On that note, I will bring up your concerns to Fidelco.
It may not help you, but maybe it will address a need for a new command. (Like shaking under the table so that people can't see it.)


----------



## 3K9Mom (Jun 12, 2006)

My SD always wants to shake when I take his vest off. I give him a command (Boogie!







"Shake" means offer your paw), and he shakes. But by having it controlled to a command, it's easier to manage (I usually let him do it in the car.)

What if we train your girl to stretch on command? That would get out the kinks and not give anyone heebie-jeebies about flying fur (Errr! I hate people like that!) A downward stretch is pretty easy to train. You should be able to google it or find it in any tricks book under the trick called 'bow." Basically, you (or a friend) would hold up her rear end and lure into a down or lure/give her a treat on the floor under a chair, so that she has to dip her head down to get it. 

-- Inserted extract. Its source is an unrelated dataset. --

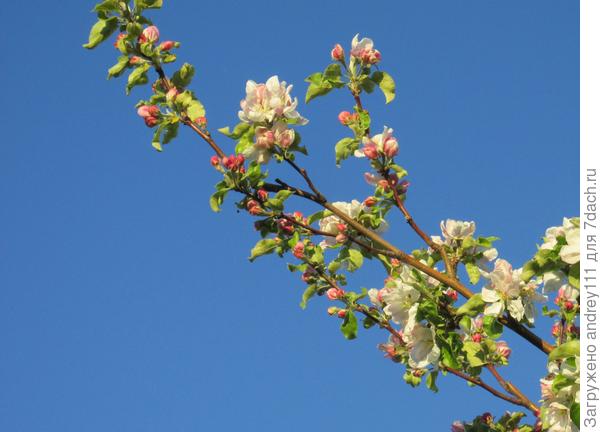 А в школе мы делали такие веточки из бумаги и ходили на майские демонстрации... И небо было такое синее! .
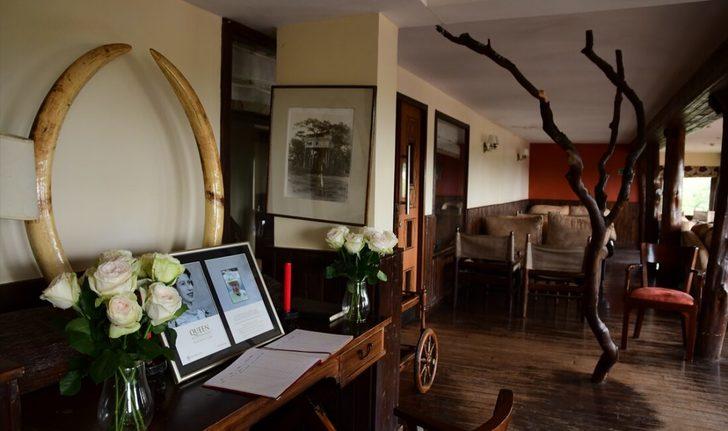 Elizabeth'in prenses olarak gelip kraliçe olarak ayrıldığı Kenya'daki otel: Treetops G5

I'm not sure if there's a gimmick to training a forward stretch. With the one dog I had trained it with, I just captured it every morning and when she woke from a nap. When she stretched, I just happily shouted "Stretch! Good stretch!" and snacked her. She picked it up really fast that it was a trick she could do and get rewarded for. 

Anyhow, "stretch" might be more discrete, and it could be something she could do while you're still sitting down. You could give her a stand command, then immediately the stretch command(s). Then when she has all the kinks out, she's ready; then you stand up and the two of you continue on your way. 

Anyhow, just an idea....


----------